Fermi golden rule and decay width

Consider QM perturbation theory. For the hamiltonian $\hat{H} = \hat{H}_{0} + \hat{V}$, the set of eigenstates $\{|n\rangle\}$ of $\hat{H}_{0}$ and assuming time independence of $\hat{V}$, one has that the differential probability $dP_{if}(t)$ of transition $$|i\rangle \in \{|n\rangle\} \to |f\rangle \in \{|n\rangle\}$$ in first order of perturbation theory is $$dP_{if}(t) = |V_{fi}|^{2}\frac{\sin^{2}\left(\frac{\omega_{fi}\Delta t}{2}\right)}{\left( \frac{\omega_{fi}}{2}\right)^{2}}$$ Here $$\hat{H}_{0} |n\rangle = E_{n}|n\rangle,\quad \omega_{if} = E_{i}-E_{f},\quad \Delta t = t - t_{0}, \quad V_{fi} = \langle f|\hat{V}|i\rangle$$ and $t_{0}$ is a moment of time when the interaction $\hat{V}$ is turned on.

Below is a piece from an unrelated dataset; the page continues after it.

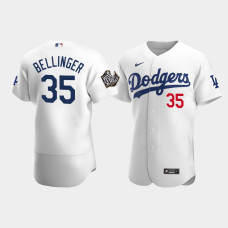 Men's Los Angeles Dodgers #35 Cody Bellinger White 2020 World Series Authentic Jersey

Fermi golden rule is obtained by taking the limit $$\lim_{\Delta t \to \infty}\frac{dP_{if}(t)}{\Delta t}$$

Weinberg in his QFT Vol. 1, when considering this limit for $|i\rangle$ being one-particle state (independently on perturbation theory), says that one can't take $\Delta t$ larger than the lifetime $\tau$ of the state, and this means that the energy $E$ of the state is defined up to the width $\Delta E = \tau^{-1}$. I don't understand the reason of this.

I expect you've got the answer by now, but logically a particle cannot be expected to survive past its lifetime (at which point it will probably decay into an n-particle state). So the lifetime is a sensible limit on the time a single-particle state exists. Then the $$\Delta E$$ relation is just an application of the time-energy Heisenberg uncertainty principle, i.e. $$\Delta E \Delta t \geq \hbar = 1$$ using natural units, since $$\Delta t \leq \tau$$.